After they are cooled, you will cut them up into smaller pieces and place them on a platter for serving.
Finish with the meats and cook until 165F for the sausages and chicken. The shrimp will turn pink when ready.
The vegetables can be a little undercooked because if you overcook them, they will become soggy quickly.
If you plan to grill a pineapple or stone fruit for dessert, I would recommend doing it right after the entrees while the grill is still hot, be sure to brush it off and burn off any meat flavors before cooking.
Storage tip: I love to pack up the leftovers and store them in containers so I have access to them during the week to whip up a quick salad. The leftover meats are great served cold. Be sure to store leftovers within 2 hours of serving.

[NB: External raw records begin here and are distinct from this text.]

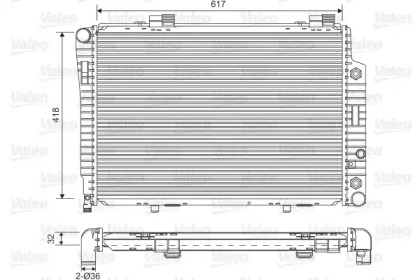 Теплообменник VALEO 731805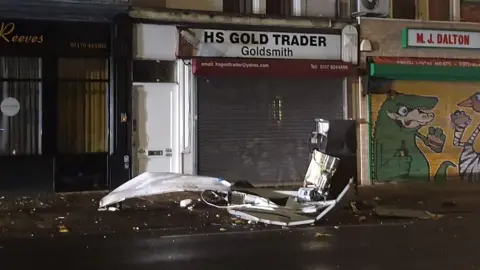 BBC ATM explosion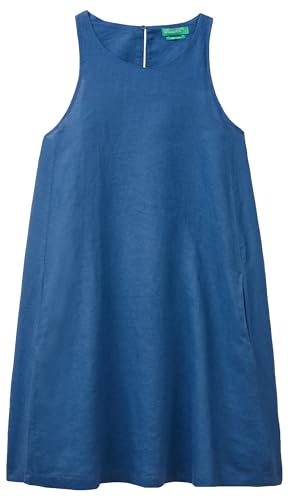 United Colors of Benetton Damen 4aghdv02u Kleid, Avio 217, M von United Colors of Benetton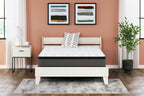 12 Inch Pocketed Hybrid - Full Mattress - White
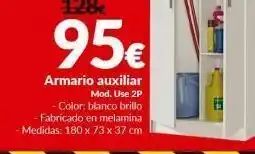 Embargos a lo bestia Armario auxiliar blanco oferta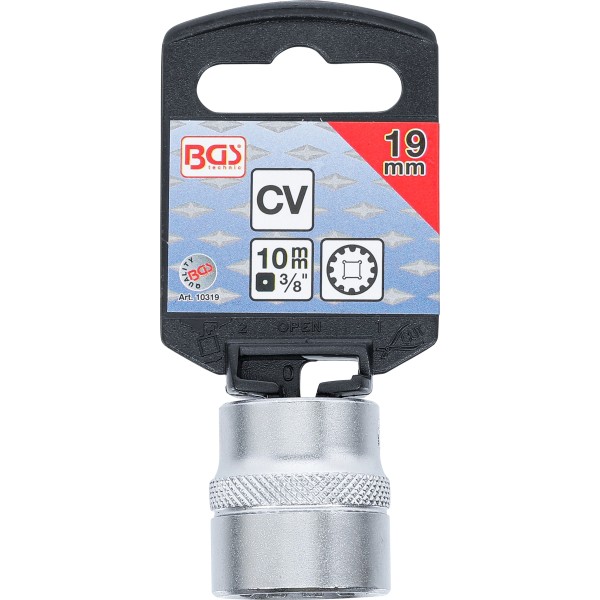 BGS Technic Socket, Gear Lock | 10 mm (3/8 BGS Technic Socket, Gear Lock | 10 mm (3/8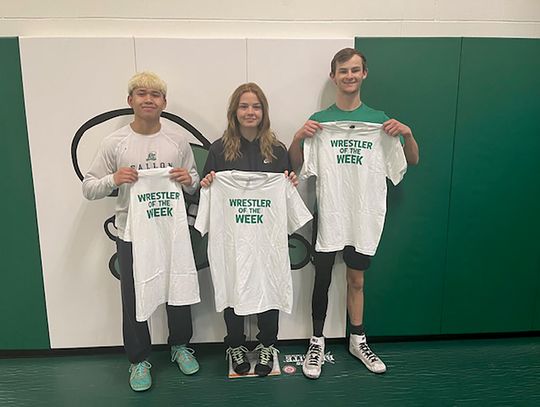 Wrestlers of the Week Garcia, Sitzer, Anderson Honored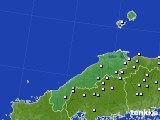 島根県のアメダス実況(降水量)(2024年04月24日)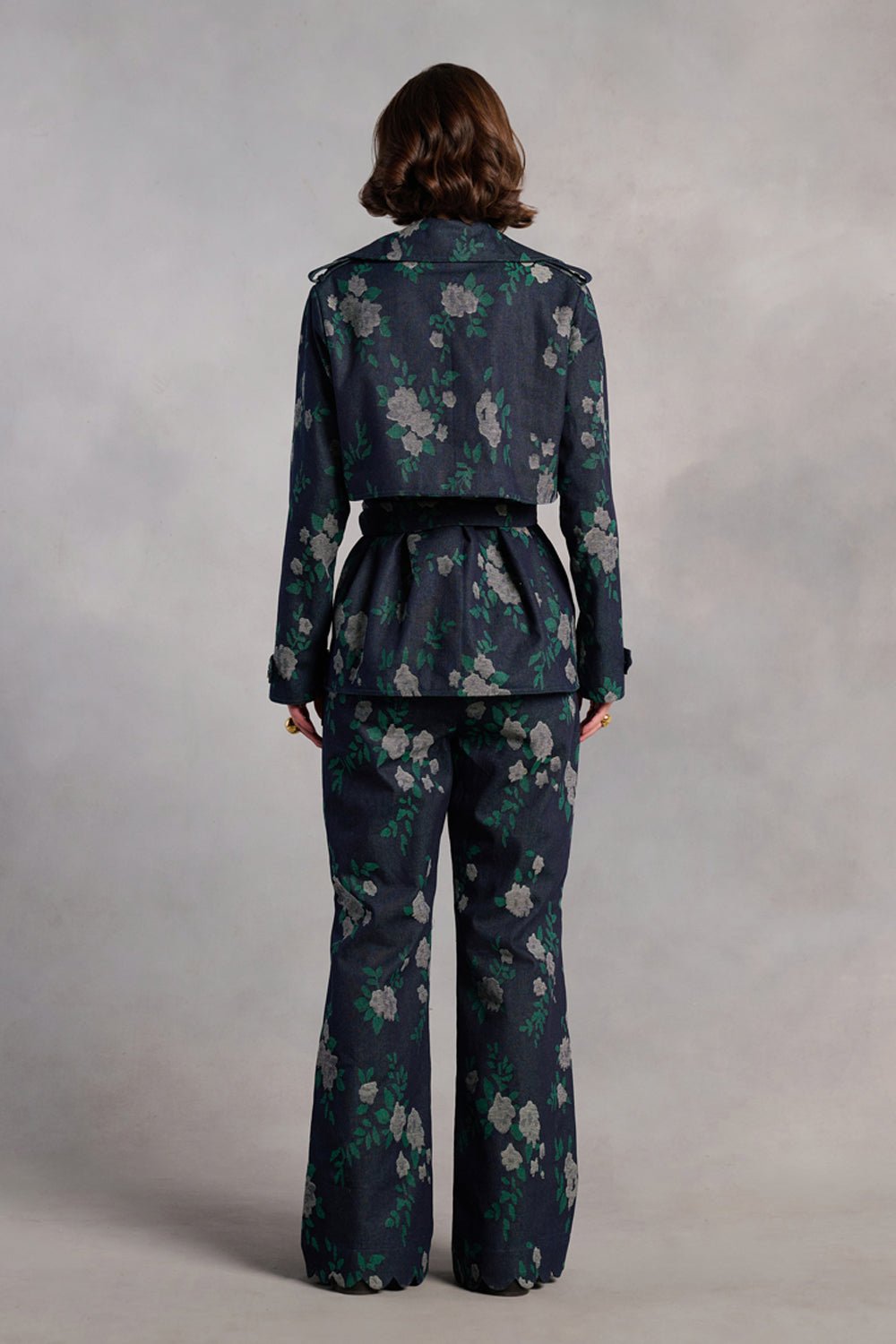 Savannah Blue Floral Denim Co - ord Set - Zabella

Serving Suggestions: I like to present this meal buffet or family-style, so all the picky eaters can get exactly what they want and how much. Sometimes I throw in a Charcuterie Tray as an appetizer for cocktail hour. Colorful platters and mismatched bowels make it visually interesting. Don't forget to add decorative greens to the table to add an accent of color. If you want to serve a tasty simple orange dessert, check out my Moroccon Orange recipe here.
For beverage pairing, I would suggest a lighter Pinot Noir such as Angeline from California.
I really love this way of entertaining because I can be creative with the ingredients and most of all they are presented with minimal cooking to enhance their natural flavors. I never have to worry about dietary restrictions because everyone can find something they like. I hope you try this idea and use it as a template to change and add according to your taste. Your guests will enjoy it, I promise!